Workshop and Symposia

2012

  • The NSW Labor Government's record in transport policy (1999-2011)
    27th Mar 2012 Room 214/215, Economics & Business Building (H69)

    The first talk for 2012 in the BLHG seminar series will be held on Tuesday 27 March from 1pm to 2pm in Room 214/215 in the School of Business Building (H69), The University of Sydney.

    The topic will be 'The NSW Labor Government's record in transport policy (1999-2011)' by Claudine Moutou and Corinne Mulley from the Institute of Transport and Logistics Studies, The University of Sydney, Business School. The implementation of special transport for the Sydney Olympics (2000) is used as a yardstick for evaluating transport policy in the Labor governments from Carr to Keneally. In contrast to the optimism and confidence inspired by Olympic success, by 2011 strong community dissatisfaction was evident. The presentation traces developments through the period with a focus on the development of strategies and policies for different transport modes.The presentation is based on the Transport Chapter of 'From Carr To Keneally', published by Allen and Unwin and to be launched at Parliament House, Sydney, on the day previous to the seminar.

    Claudine Moutou

    Claudine Moutou is a transport sociologist and PhD student at the Institute of Transport and Logistics Studies (ITLS). Her PhD research focuses on the phenomena of business opposition to sustainable transport projects in town centres from a goal adaptation perspective. Specifically, how do local business owners and managers adapt their expectations and behaviour about the accessibility of local urban centres when car parking is displaced.

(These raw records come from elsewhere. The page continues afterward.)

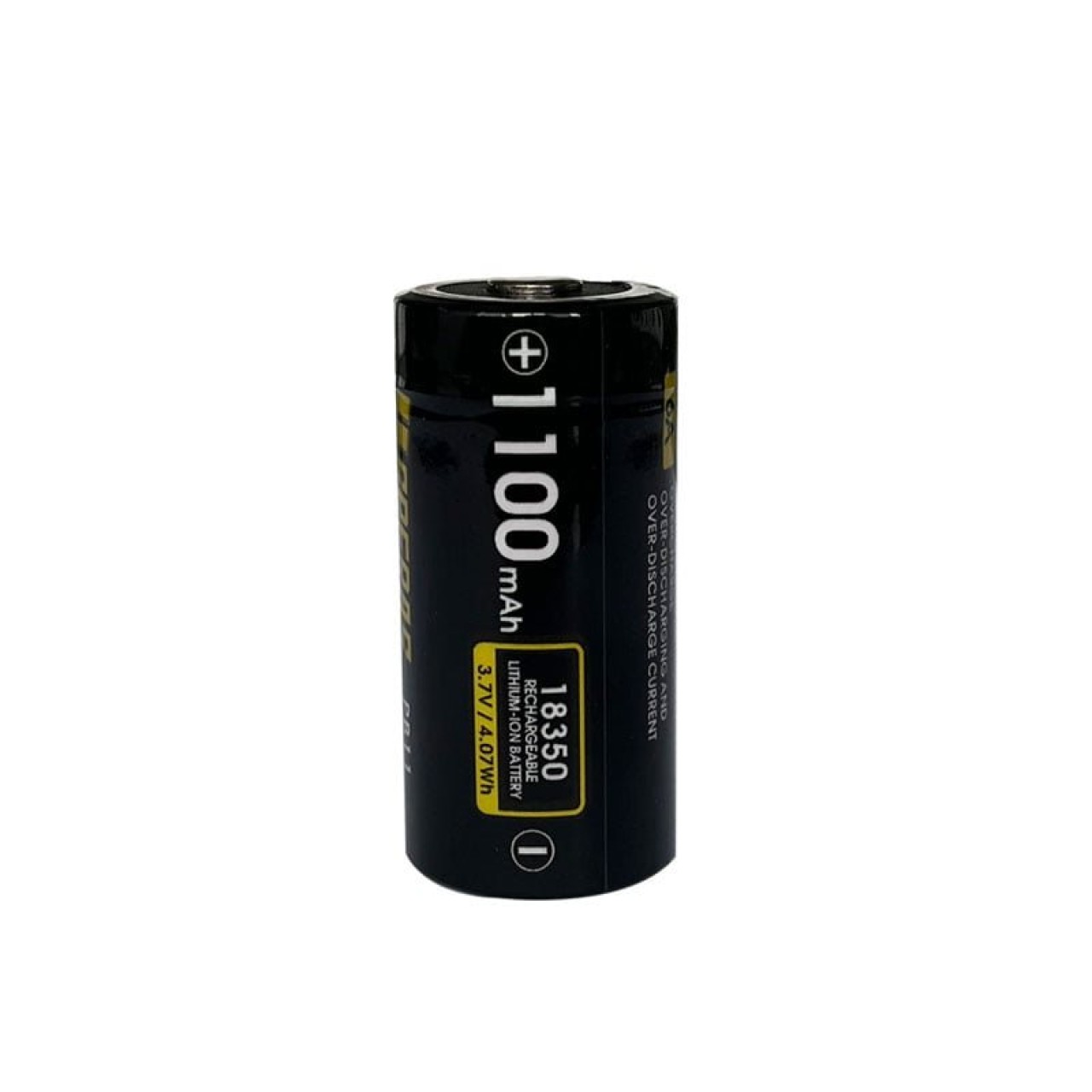 Batéria dobíjacia PB11 1100 mAh typ 18350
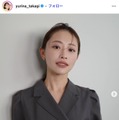 高木由梨奈Instagramより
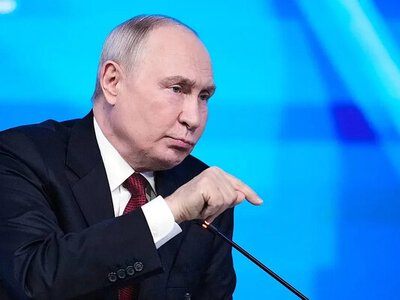 Путін заявив, що Росія готова до Третьої світової війни
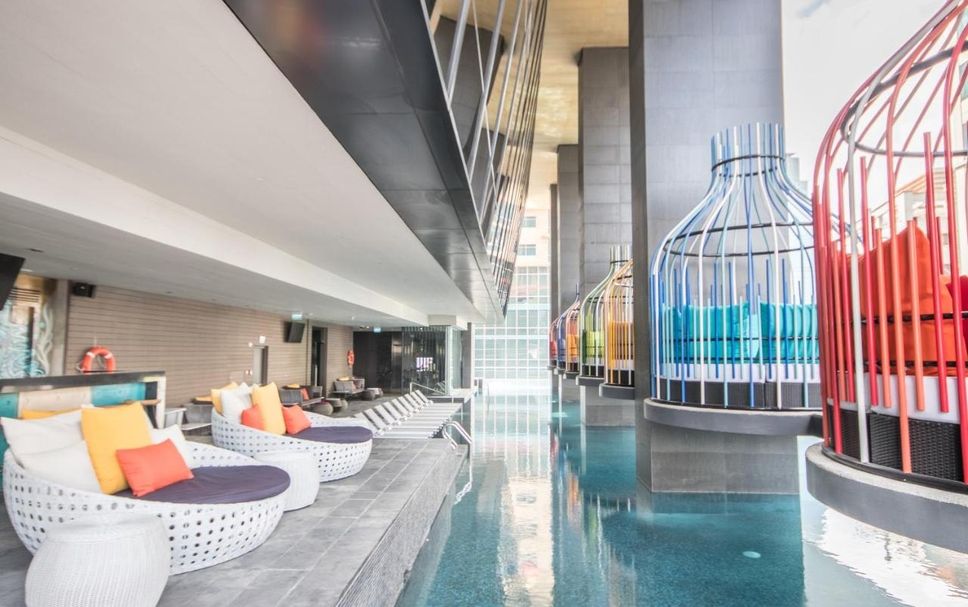 Pool Billede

    Claudine's interest in transport and mobility research includes both historical and contemporary perspectives.

    Corinne Mulley

    Professor Corinne Mulley is the founding Chair in Public Transport at the Institute of Transport and Logistics Studies. As a transport economist she has researched and published at the interface of transport policy and economics, in particular on issues relating to public transport. She led a high profile European and UK consortia undertaking benchmarking in urban public transport and has provided both practical and strategic advice to local and national governments throughout Europe on benchmarking, rural transport issues including flexible transport, and public transport management. Since coming to Sydney, Corinne has been involved with State government on the development of transport plans and other studies, the independent regulators, local government, community transport organisations and community groups.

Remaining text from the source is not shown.